## WHAT NEEDS TO BE DONE
The answer must be only the lines below from the one holding "Massivhaus Bauhaus Jonas" down to the one holding "Nieuwe Chinese Entree", ends included, printed exactly; please omit all pictures.

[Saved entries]
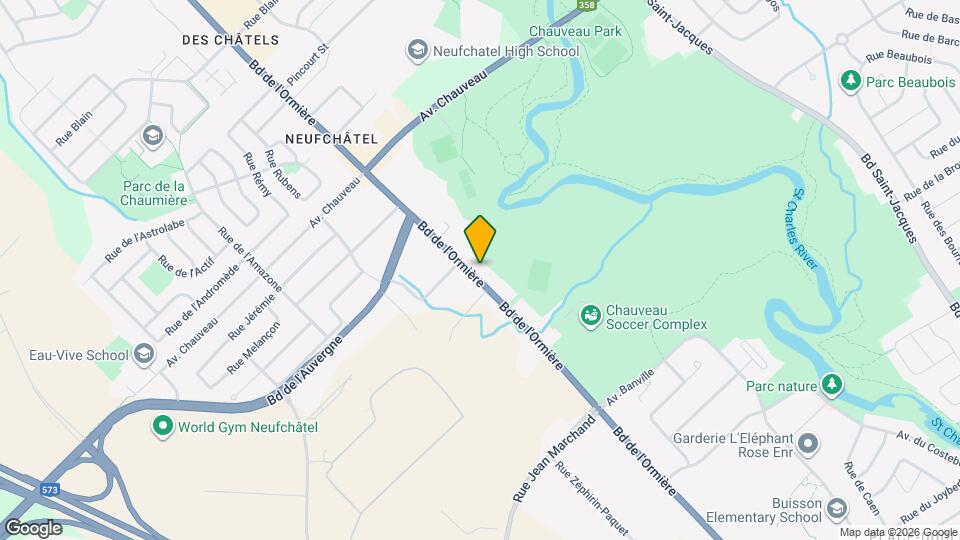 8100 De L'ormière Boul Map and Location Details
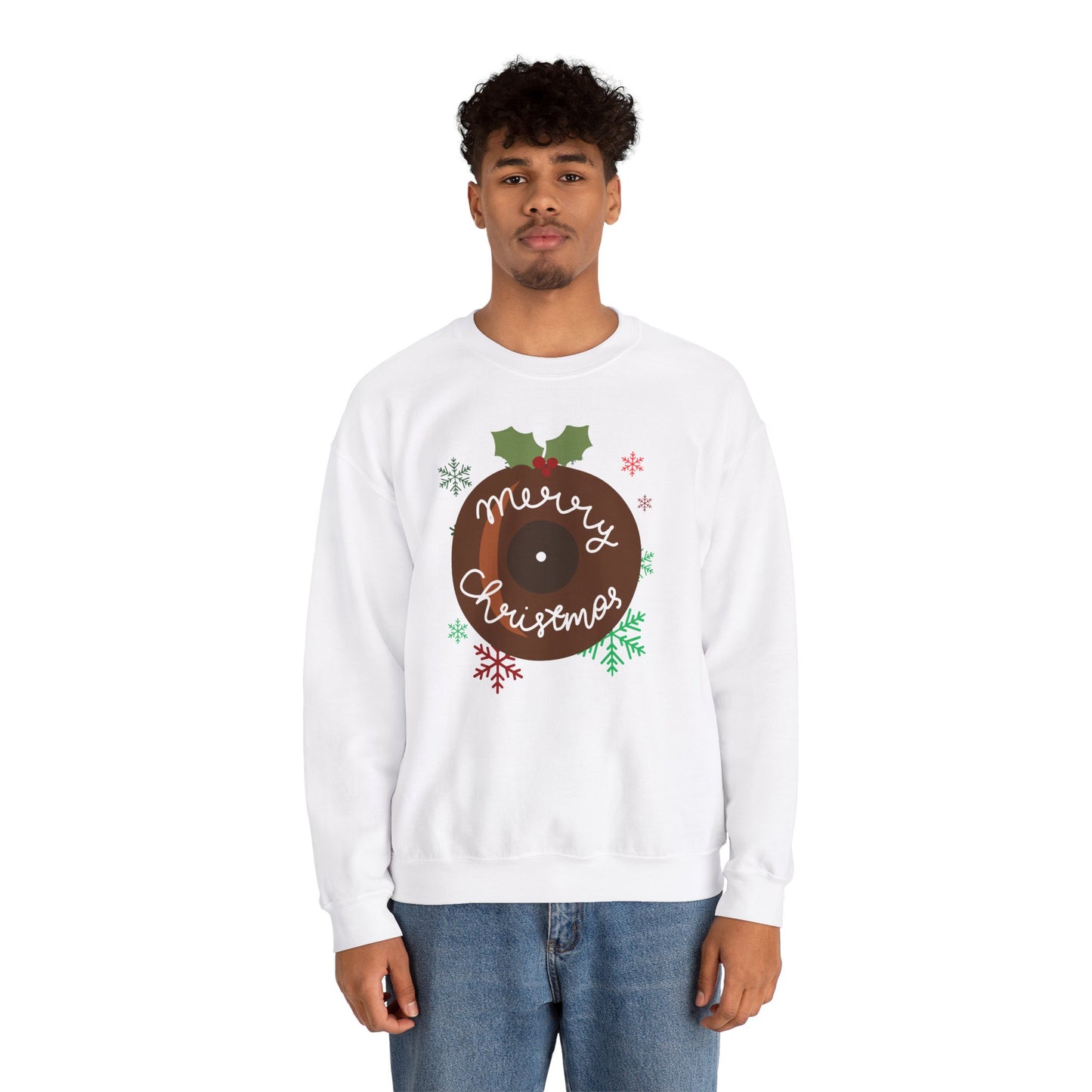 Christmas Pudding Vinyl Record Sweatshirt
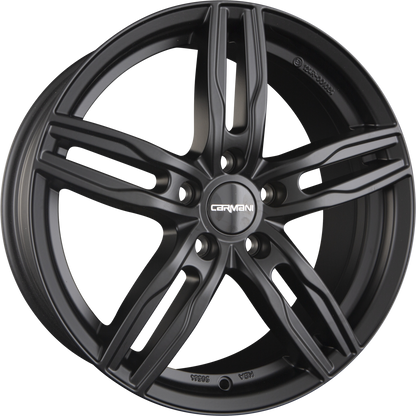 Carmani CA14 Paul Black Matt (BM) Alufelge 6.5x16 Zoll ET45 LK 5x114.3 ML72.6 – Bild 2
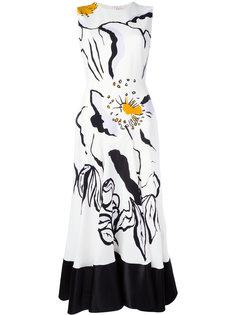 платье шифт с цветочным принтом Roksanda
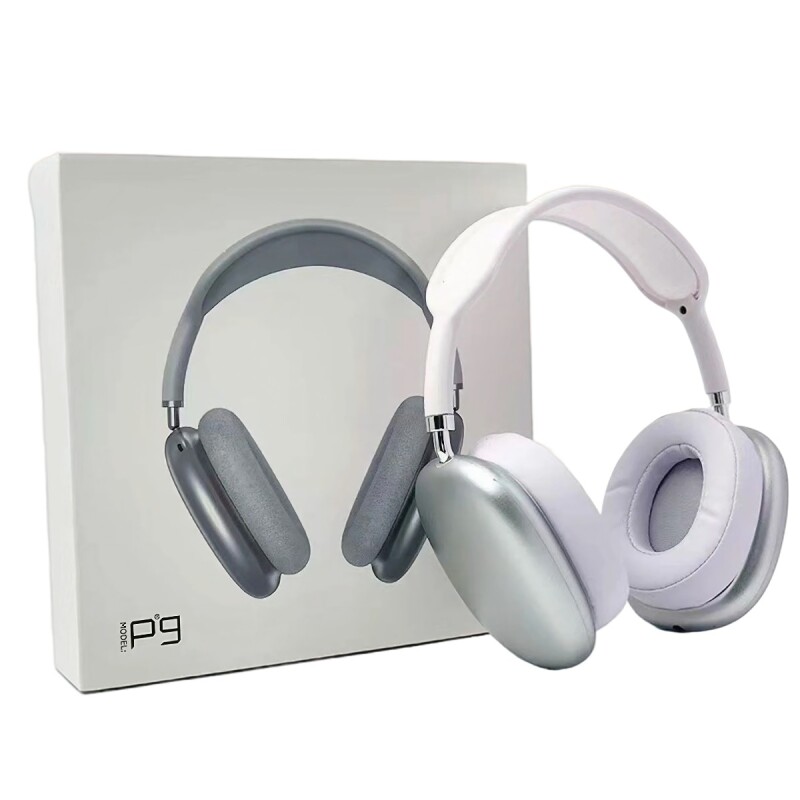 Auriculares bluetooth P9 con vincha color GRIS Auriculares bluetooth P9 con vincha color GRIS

---

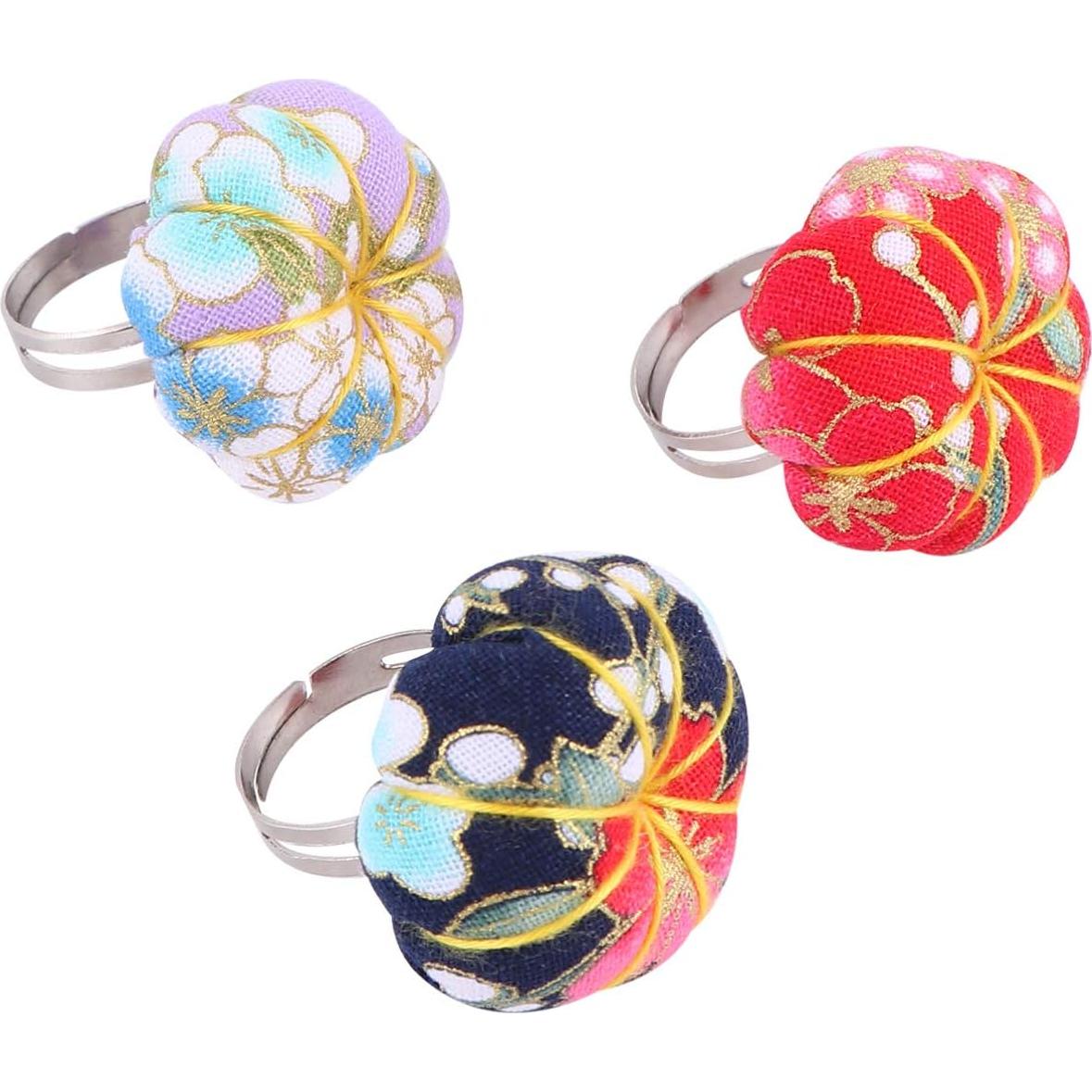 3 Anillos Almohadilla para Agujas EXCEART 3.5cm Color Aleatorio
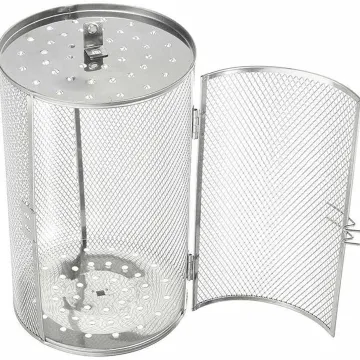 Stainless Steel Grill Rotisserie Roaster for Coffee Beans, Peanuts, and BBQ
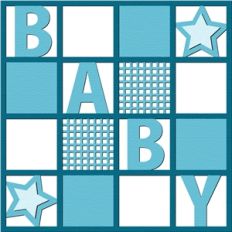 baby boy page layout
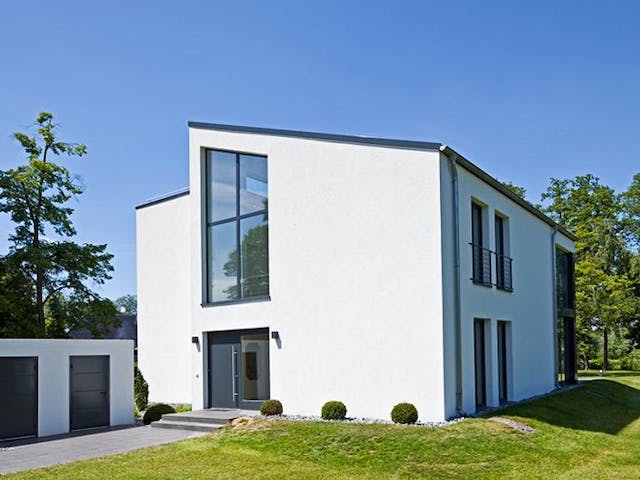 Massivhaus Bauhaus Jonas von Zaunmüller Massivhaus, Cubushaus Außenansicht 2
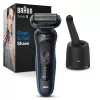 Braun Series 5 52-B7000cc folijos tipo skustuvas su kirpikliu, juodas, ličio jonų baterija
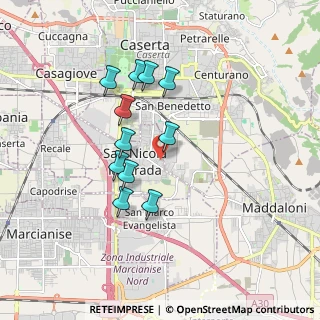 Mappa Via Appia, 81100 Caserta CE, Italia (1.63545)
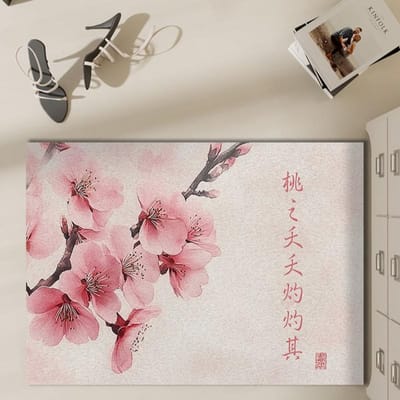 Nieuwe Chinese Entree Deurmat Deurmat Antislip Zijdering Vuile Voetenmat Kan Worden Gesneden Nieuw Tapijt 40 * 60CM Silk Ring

## RESPONSE BOX
 Massivhaus Bauhaus Jonas von Zaunmüller Massivhaus, Cubushaus Außenansicht 2
 Braun Series 5 52-B7000cc folijos tipo skustuvas su kirpikliu, juodas, ličio jonų baterija
 Mappa Via Appia, 81100 Caserta CE, Italia (1.63545)
 Nieuwe Chinese Entree Deurmat Deurmat Antislip Zijdering Vuile Voetenmat Kan Worden Gesneden Nieuw Tapijt 40 * 60CM Silk Ring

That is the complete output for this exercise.